▶ Exercise prompt: Skip all pictures, then copy the lines from the start of the data through the line with "Five spark plugs", keeping both ends.

Records contained in a dataset:
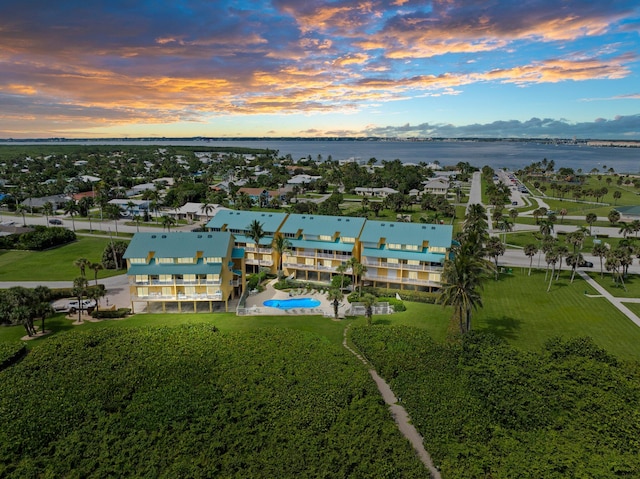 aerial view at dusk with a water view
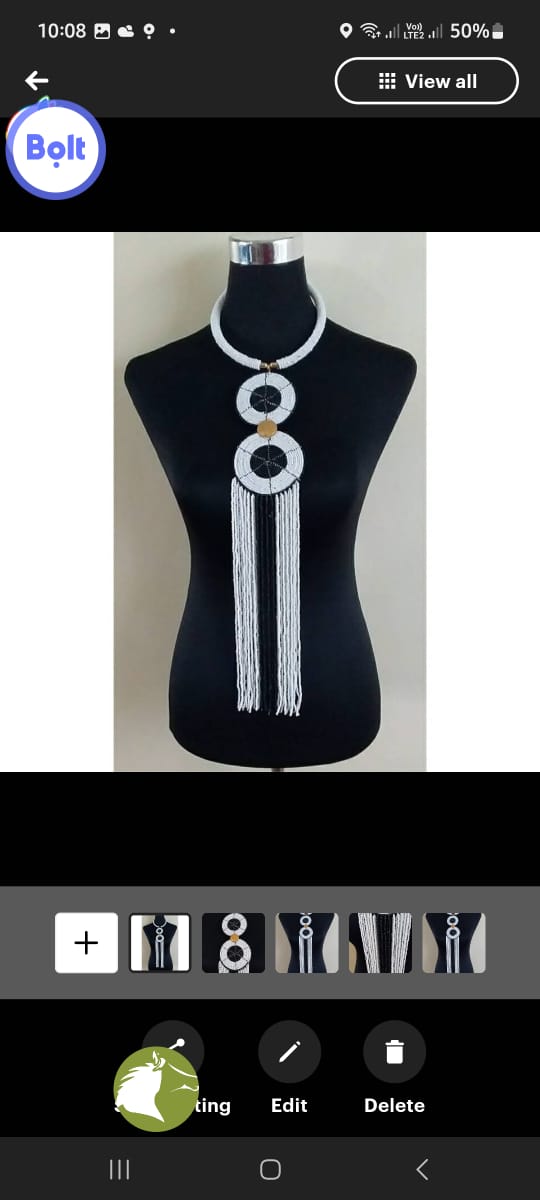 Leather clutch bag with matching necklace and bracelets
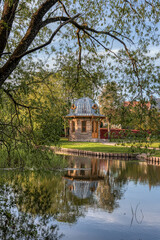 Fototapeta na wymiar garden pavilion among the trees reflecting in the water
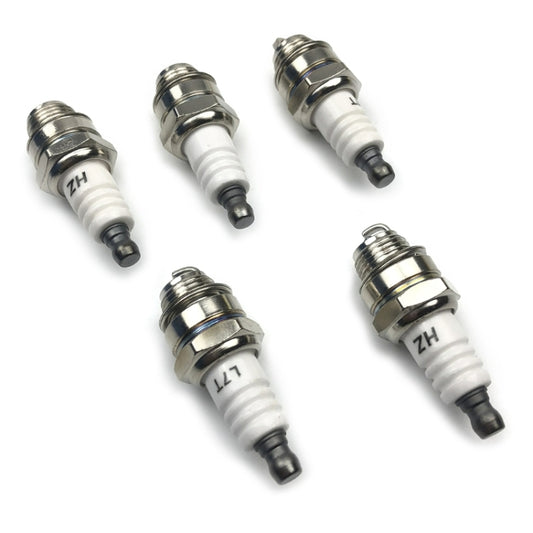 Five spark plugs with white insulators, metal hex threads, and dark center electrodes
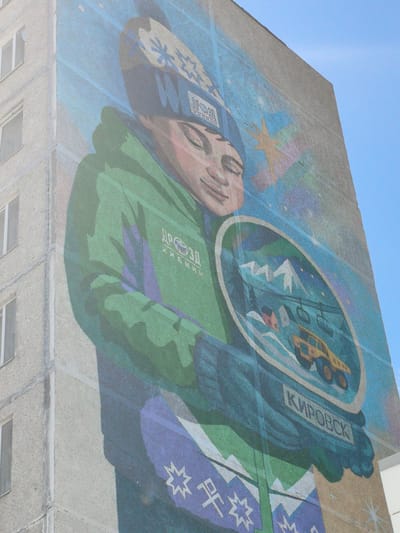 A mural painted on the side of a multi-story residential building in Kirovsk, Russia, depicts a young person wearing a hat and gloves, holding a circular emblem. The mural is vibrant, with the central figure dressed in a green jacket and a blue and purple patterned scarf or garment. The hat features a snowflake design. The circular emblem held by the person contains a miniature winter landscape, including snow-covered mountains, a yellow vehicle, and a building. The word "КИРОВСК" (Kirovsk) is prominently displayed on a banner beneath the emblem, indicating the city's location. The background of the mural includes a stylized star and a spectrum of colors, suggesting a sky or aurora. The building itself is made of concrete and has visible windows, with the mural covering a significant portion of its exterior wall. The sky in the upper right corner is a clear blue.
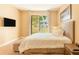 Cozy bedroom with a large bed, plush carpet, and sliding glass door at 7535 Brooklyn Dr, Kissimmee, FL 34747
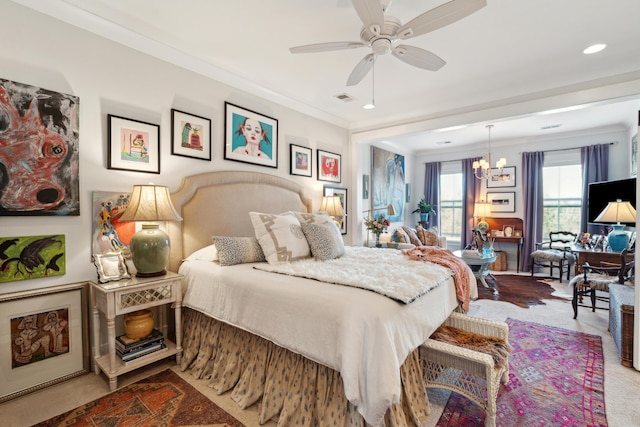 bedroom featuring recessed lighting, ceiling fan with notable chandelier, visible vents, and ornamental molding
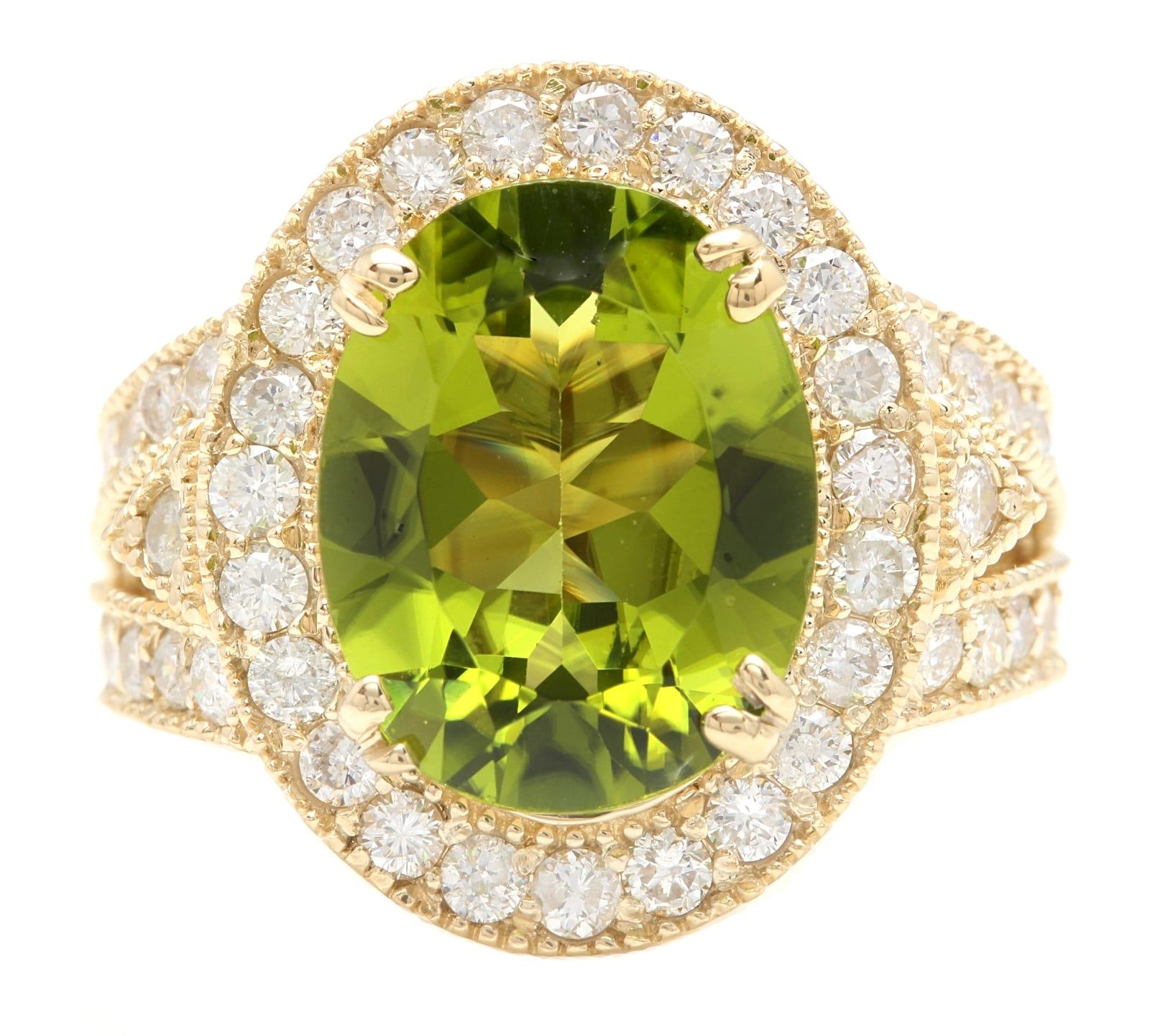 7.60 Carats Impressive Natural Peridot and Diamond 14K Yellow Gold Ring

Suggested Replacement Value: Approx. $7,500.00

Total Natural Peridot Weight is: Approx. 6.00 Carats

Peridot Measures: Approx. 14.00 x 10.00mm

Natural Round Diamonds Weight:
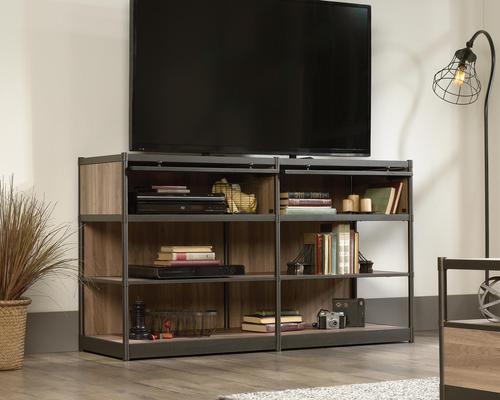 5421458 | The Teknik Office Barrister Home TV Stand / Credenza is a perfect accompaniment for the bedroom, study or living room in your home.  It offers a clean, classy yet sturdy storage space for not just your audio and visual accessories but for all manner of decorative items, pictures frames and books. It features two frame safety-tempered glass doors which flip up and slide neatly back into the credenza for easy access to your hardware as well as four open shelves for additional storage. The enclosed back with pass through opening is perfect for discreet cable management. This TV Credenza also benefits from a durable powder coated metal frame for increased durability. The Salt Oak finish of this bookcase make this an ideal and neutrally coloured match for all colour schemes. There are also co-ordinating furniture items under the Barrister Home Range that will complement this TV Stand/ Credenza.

▶ Task solution:
 aerial view at dusk with a water view
 Leather clutch bag with matching necklace and bracelets
 Fototapeta na wymiar garden pavilion among the trees reflecting in the water
 Five spark plugs with white insulators, metal hex threads, and dark center electrodes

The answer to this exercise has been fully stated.